O’Brien was slowly becoming the picture perfect child of films centered around the turn-of-the-century or small-town life (the aforementioned Tenth Avenue Angel and Meet Me in St. Louis for example, as well as Little Women and The Secret Garden). Part of this might have to do with her mix of being rough and tumble but still maintaining a doll-like delicacy; she tells Arnold she’ll become a WAC so she can shoot people, but almost exclusively wears pants despite growing up on a farm. The film’s episodic nature explores a year on the Jacobson farm as they struggle and work, moving from one life-defining event to another without any real sense of fear or tragedy. Sure, a mentally disturbed young woman dies and the third act climax involves a neighbor’s barn being set on fire, but this is far from The Grapes of Wrath. Things never happen to the Jacobson’s specifically, just their friends, leaving one to wonder how they’re so lucky, chalk it up to love.

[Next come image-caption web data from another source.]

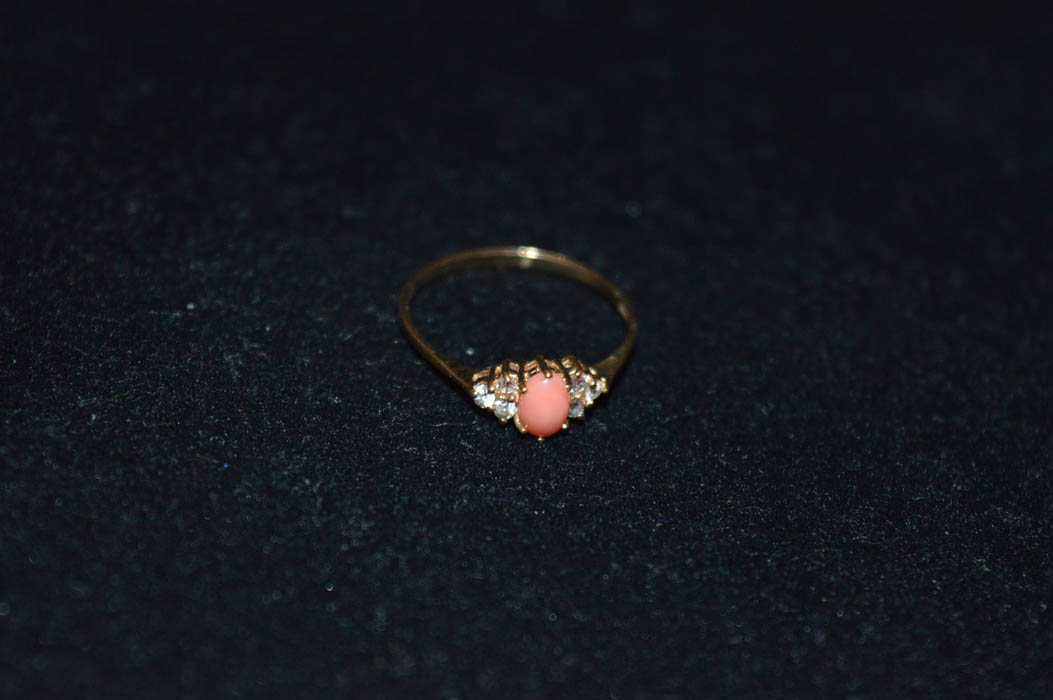 A 9ct Gold Coral Dress Ring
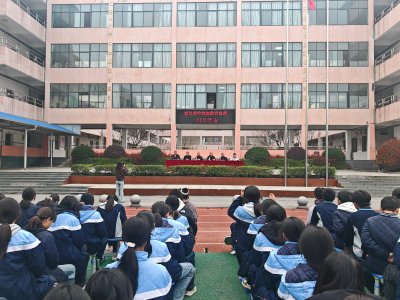 通城县隽水镇城关中学开展法制禁毒宣传活动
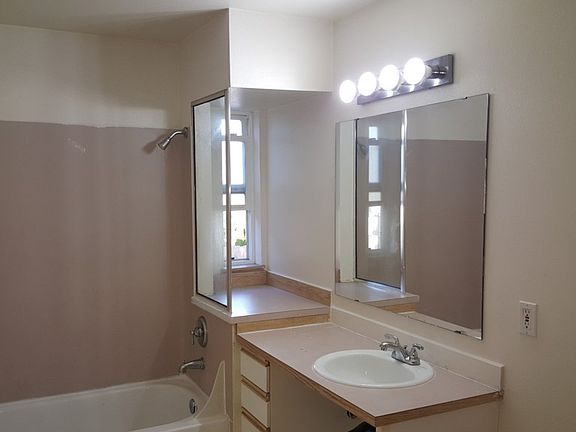 4th image of 14023 32nd Ave NE APT 301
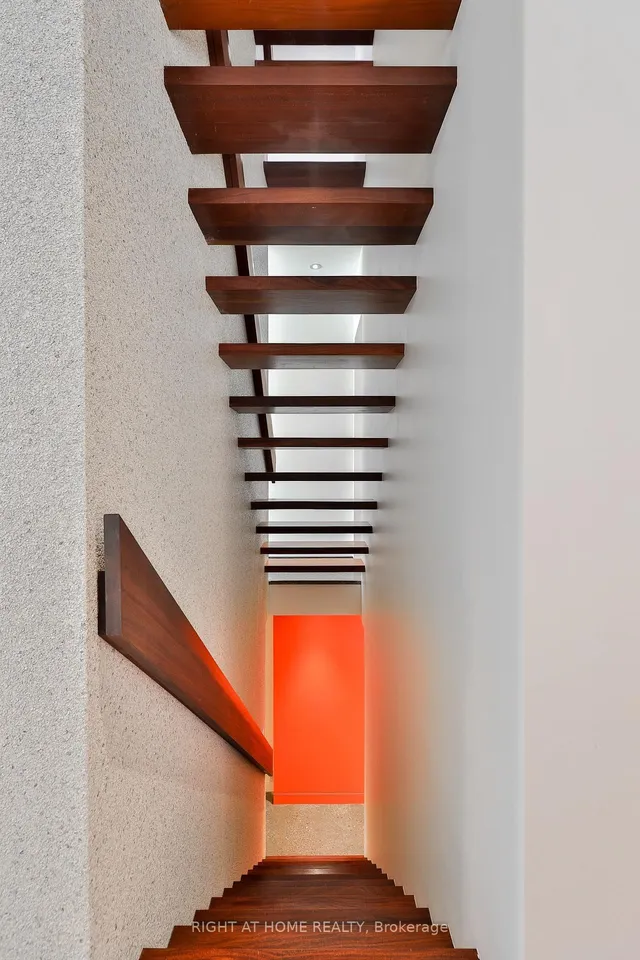 Additional image 38 of 694 Richmond St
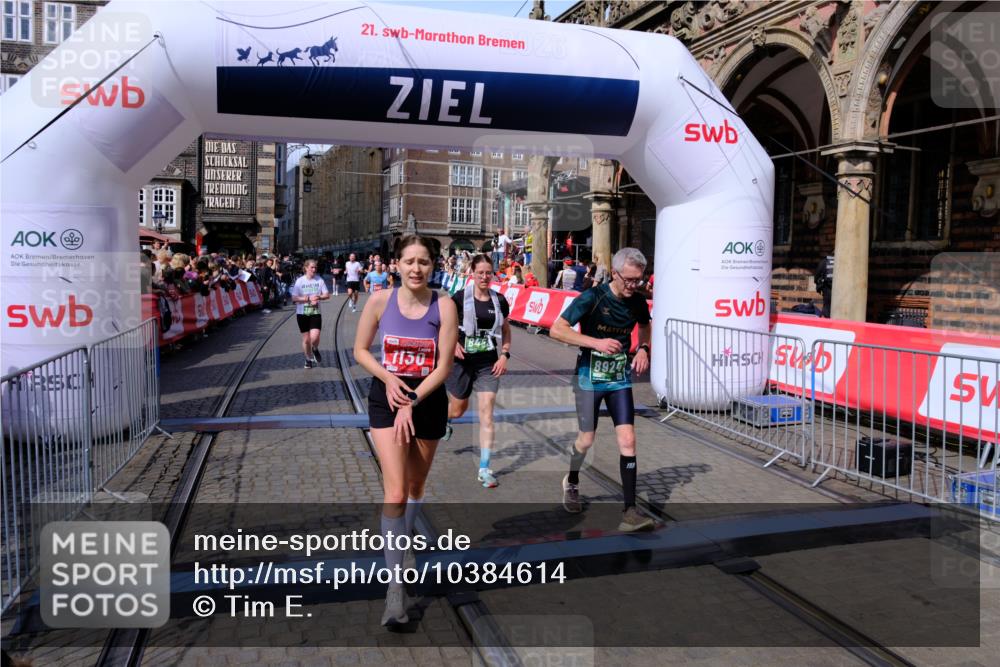 13.09.2026 - 21. swb-Marathon Bremen Tim E. http://msf.ph/oto/10384614 13.09.2026 13:22:24 Ziel 141, 148, 1601, 1645, 2051, 3021, 3652, 5193, 6621, 7625, 7917, 8452, 8924, 9599, 9839 meine-sportfotos.de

Like The Grapes of Wrath, though, the movie showcases the immigrant experience in terms of parents providing a better future for their children. Edward G. Robinson enjoyed making this film as it allowed him an opportunity to play something other than a gangster or a heavy. As Martinius, he’s warmhearted, generous, and completely besotted with his daughter. Robinson’s moments with O’Brien as the film’s highlights, particularly when, forced to discipline Selma, he can’t do it. When Selma tearfully asks to kiss her father goodnight, Robinson emphasizes how much anguish he feels at telling his daughter to go back to bed; it takes everything he has not to go to her and console her, and risk losing his power in the process. This moment also allows Agnes Moorehead to shine, as a woman who wants her husband to be equal partners with her, and that means making him the bad guy at times. Moorehead’s Bruna is the quiet supporter of both her husband and daughter, standing by and indulging her dreams and expecting nothing in return. She could be the stereotypical “angel in the house” of these types of films, but Moorehead and Trumbo’s script illustrate that the house wouldn’t run without her.

All the adult acting comes from the springboard of the child stars imaginations and the shenanigans they get into. Selma and Arnold have some truly fun adventures that will remind audiences of their own childhood mishaps. When the duo decide to go down the local creek in a bathtub, eventually being swept away, Martinius and Arnold’s father are distraught. When the children are pulled out of the water safely, Martinius hugs Selma while swatting her on the backside. Trumbo and Rowland show childhood as a time of foolish experience that, in hindsight, automatically sounds dangerous but is unknown to the naïve minds of a child. My love for O’Brien is already well-known, but Jackie Jenkins is darling as the freckled-face ragamuffin whose Selma’s best friend. The two aren’t in that world of “boys are gross, girls have cooties” yet, but that’s not to say they don’t get on each other’s nerves. Selma would rather face the wrath of her beloved pa than cave into Arnold’s demands for her roller skates. Jenkins’ smug grin of success makes you want to slap him, but his naïve worldview, sad eyes and smattering of freckles show he’s not bad…he just savors whatever attention he can get.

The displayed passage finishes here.